The data must be reproduced verbatim; images are to be omitted.

* * * * *

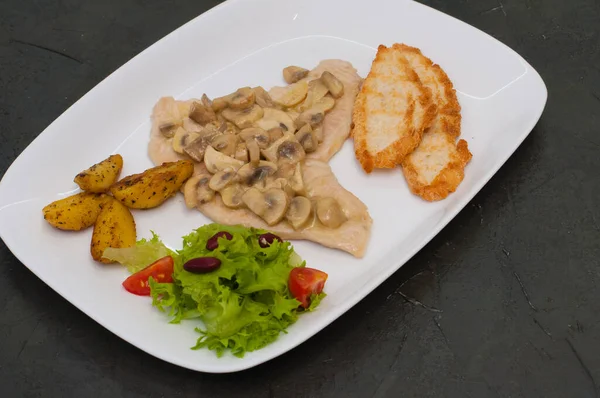 Balık filetosu, salata, kızarmış patates ve kızarmış ekmekle pişirilmiş mantar, sıcak gri bir arka planda. Lezzetli geleneksel İtalyan yemekleri. — Stok fotoğraf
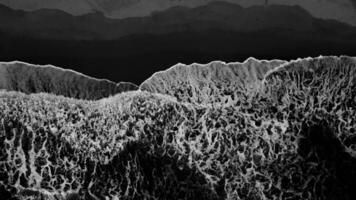 An artistic black and white aerial view shows large waves crashing against a sandy beach, creating interesting patterns on Sawarna Beach, Banten, Indonesia. photo
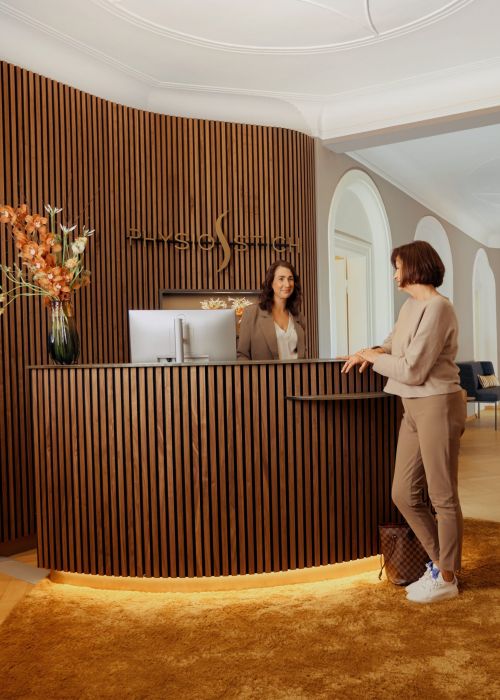 Physiotherapie in München Schwabing, Patientin an der Anmeldung zur Terminvereinbarung, Praxis mit luxuriöser Ausstattung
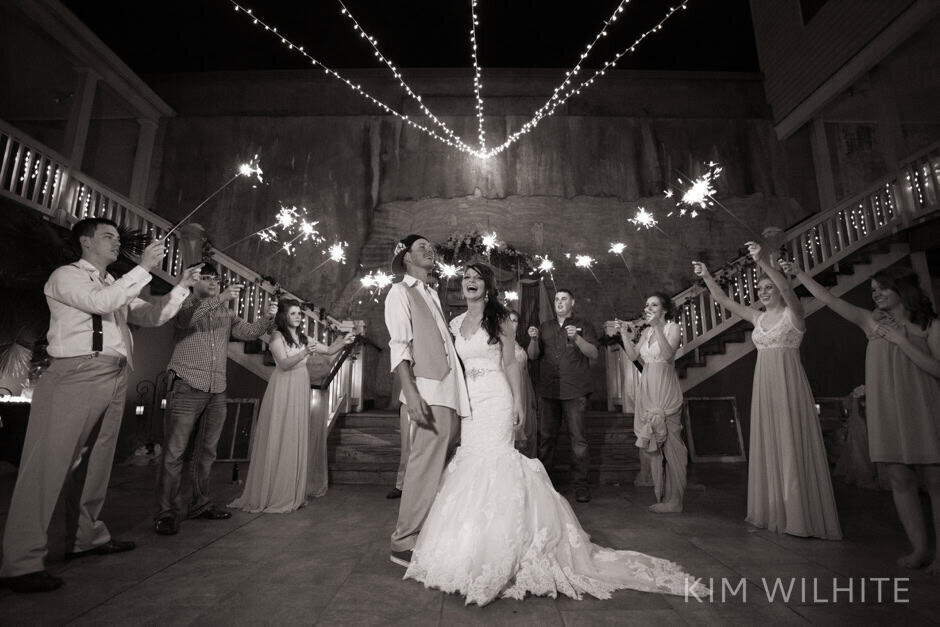 A bride and groom smile and walk hand in hand through a courtyard at at night, surrounded by guests holding lit sparklers and celebrating their wedding.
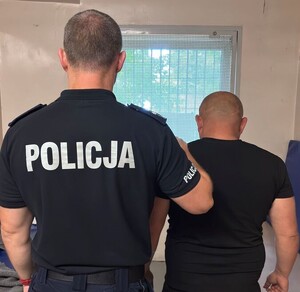 umundurowany policjant trzyma zatrzymanego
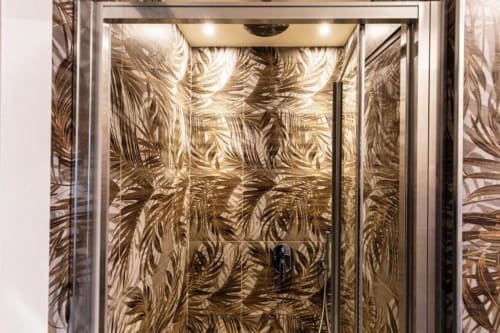 Ascensore moderno a Lago Suites Como con pareti decorate a motivi foglia dorata e struttura in acciaio inossidabile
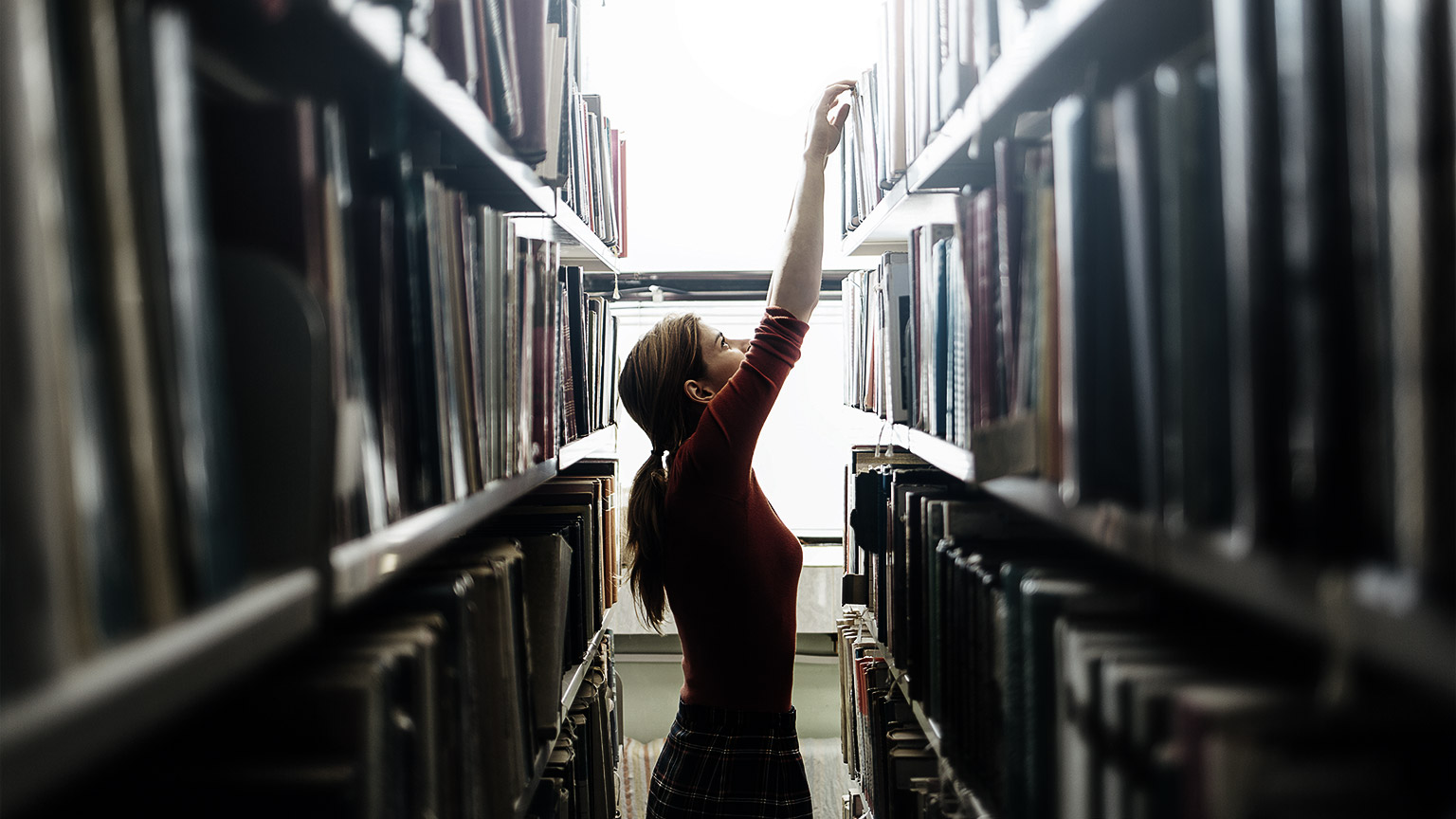 A person reaching up a bookshelf in a library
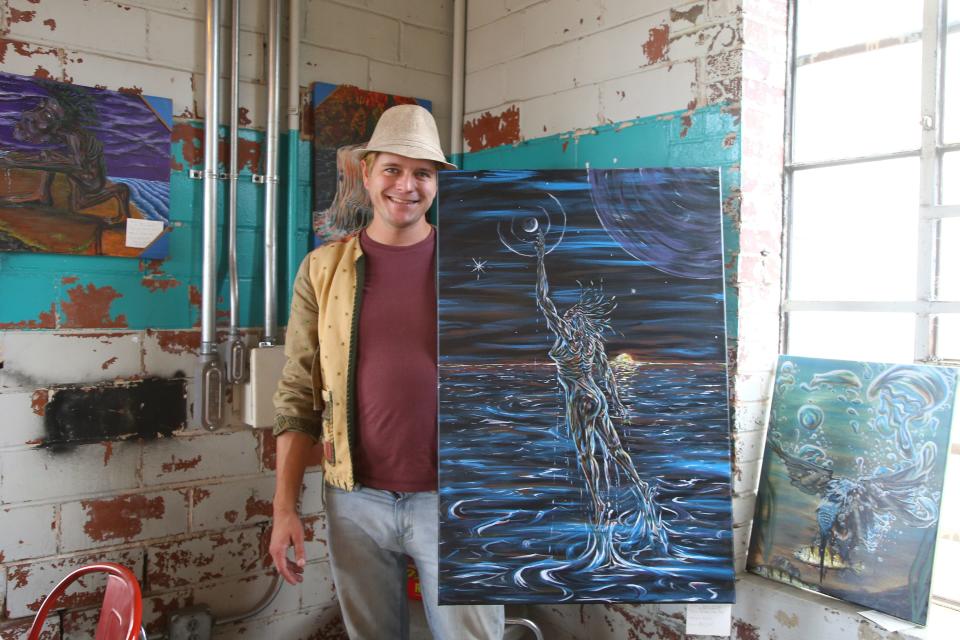 Jamin Ellison, a local artist, with one of his recent pieces at Fort Smith Coffee Co. in November. Ellison decided to pursue art as a career after years of it being a hobby and selling pieces at music festivals.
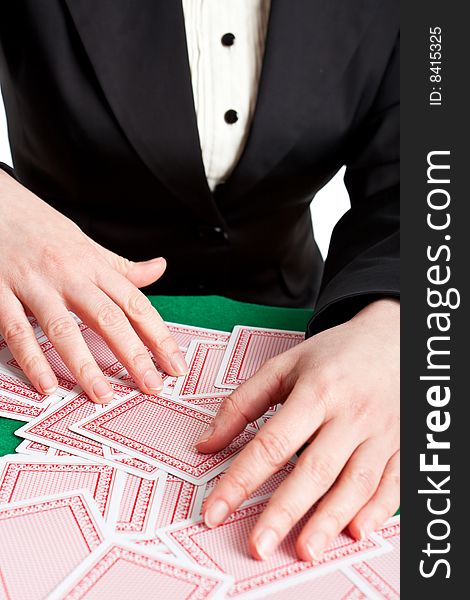 Croupier mixing playing cards on a  table. Croupier mixing playing cards on a  table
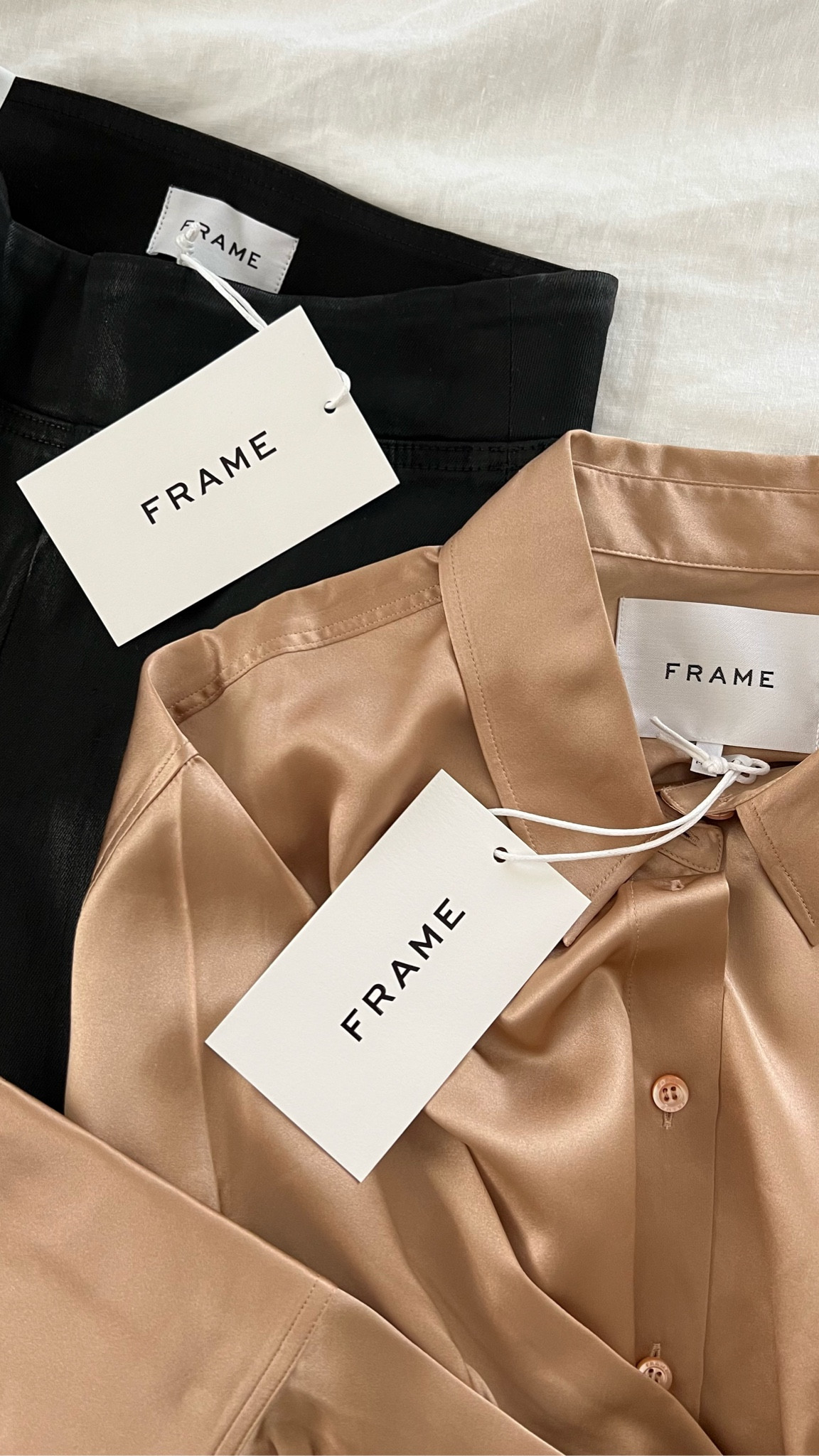 Silk button down shirt, coated black flare leggings. Frame denim 

#LTKstyletip #LTKSeasonal #LTKunder100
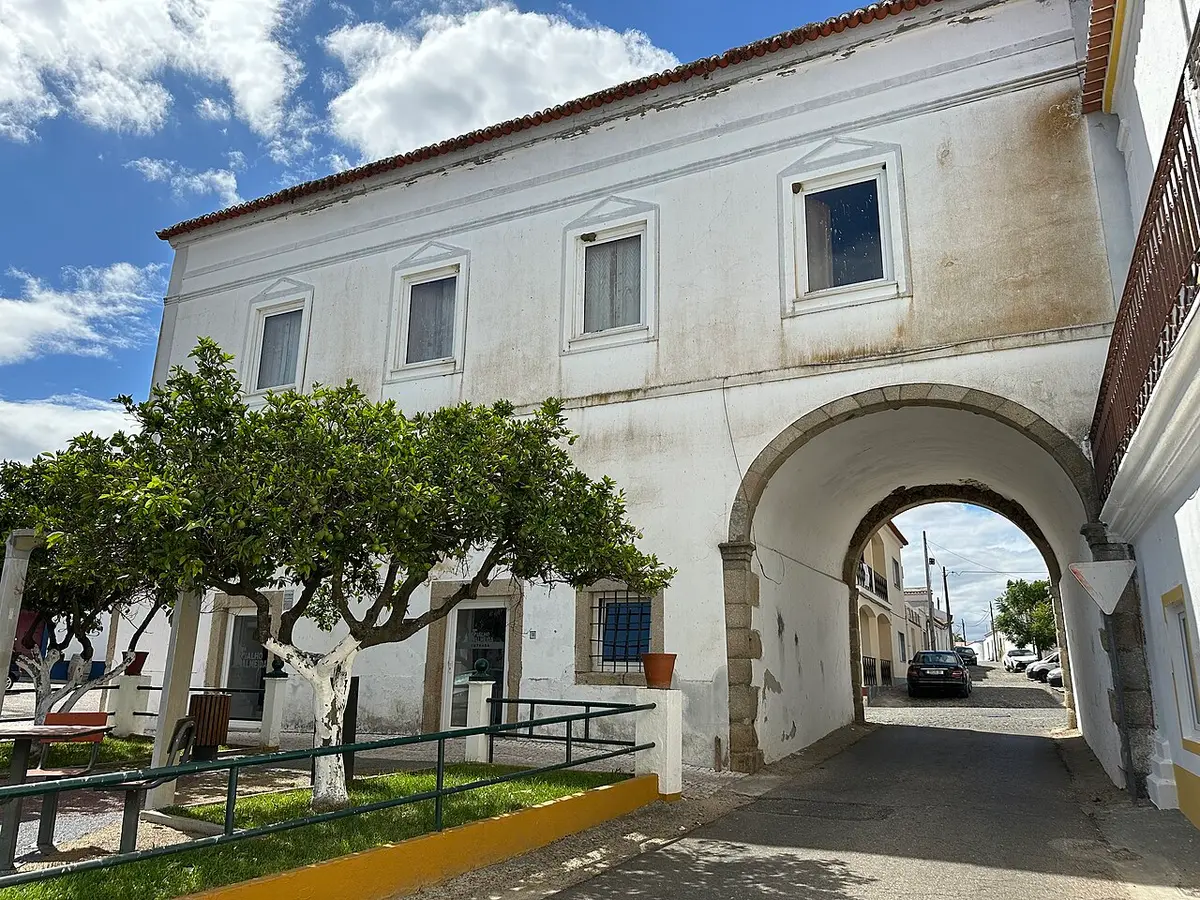 Edifício branco da Casa do Arco, em Vila de Frades, com arco sobre a rua e árvores em frente.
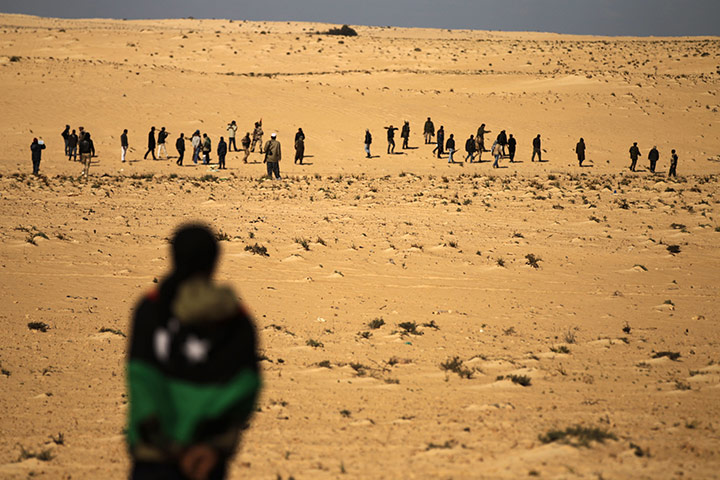 Libya chaos: A Libyan rebel covered with the rebellion flag looks at a column of rebels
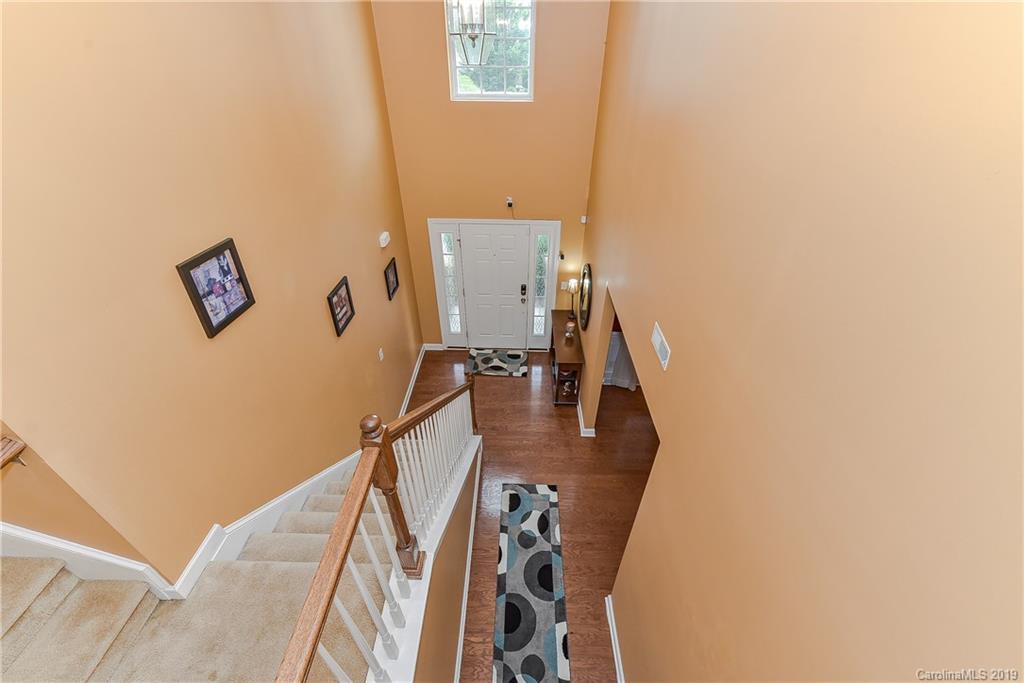 10818 Greenhead View Road Charlotte, NC 28262 - Photo 17 of 39 a view of a livingroom with furniture and stairs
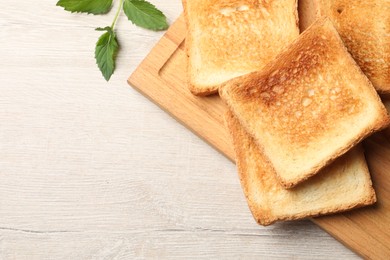 Photo of Slices of delicious toasted bread on wooden table, top view. Space for text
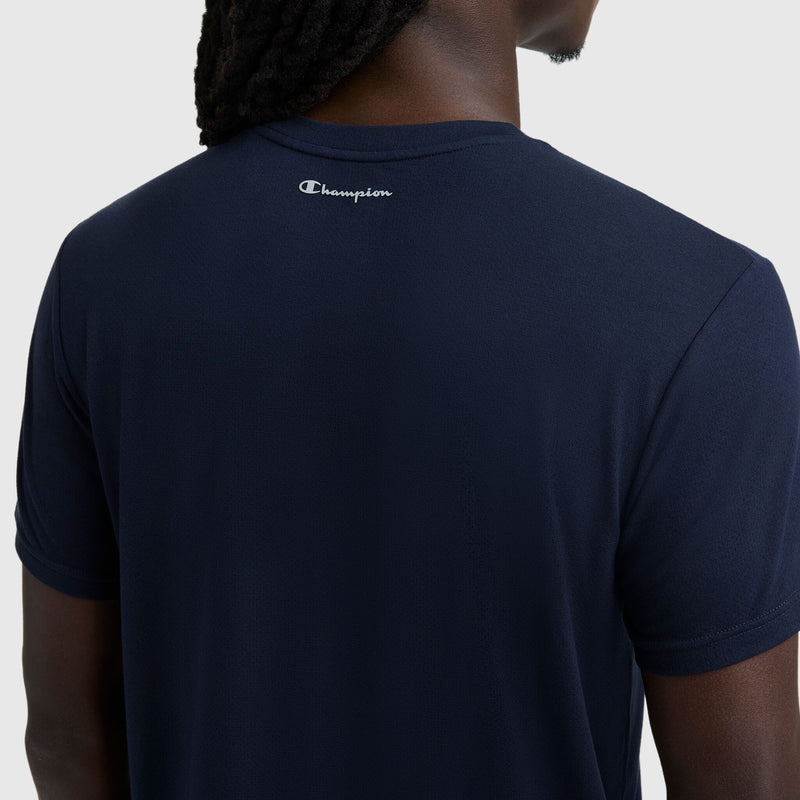 A person with dark skin and long hair is seen from the back wearing a navy blue Champion Sport Crewneck T-Shirt, Script Logo, with the Champion logo near the neckline.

* * * * *

→ Finished task:
 Balık filetosu, salata, kızarmış patates ve kızarmış ekmekle pişirilmiş mantar, sıcak gri bir arka planda. Lezzetli geleneksel İtalyan yemekleri. — Stok fotoğraf
 An artistic black and white aerial view shows large waves crashing against a sandy beach, creating interesting patterns on Sawarna Beach, Banten, Indonesia. photo
 Physiotherapie in München Schwabing, Patientin an der Anmeldung zur Terminvereinbarung, Praxis mit luxuriöser Ausstattung
 A bride and groom smile and walk hand in hand through a courtyard at at night, surrounded by guests holding lit sparklers and celebrating their wedding.
 umundurowany policjant trzyma zatrzymanego
 Ascensore moderno a Lago Suites Como con pareti decorate a motivi foglia dorata e struttura in acciaio inossidabile
 A person reaching up a bookshelf in a library
 Jamin Ellison, a local artist, with one of his recent pieces at Fort Smith Coffee Co. in November. Ellison decided to pursue art as a career after years of it being a hobby and selling pieces at music festivals.
 Croupier mixing playing cards on a  table. Croupier mixing playing cards on a  table
 Silk button down shirt, coated black flare leggings. Frame denim 

#LTKstyletip #LTKSeasonal #LTKunder100
 Edifício branco da Casa do Arco, em Vila de Frades, com arco sobre a rua e árvores em frente.
 Libya chaos: A Libyan rebel covered with the rebellion flag looks at a column of rebels
 10818 Greenhead View Road Charlotte, NC 28262 - Photo 17 of 39 a view of a livingroom with furniture and stairs
 Photo of Slices of delicious toasted bread on wooden table, top view. Space for text
 A person with dark skin and long hair is seen from the back wearing a navy blue Champion Sport Crewneck T-Shirt, Script Logo, with the Champion logo near the neckline.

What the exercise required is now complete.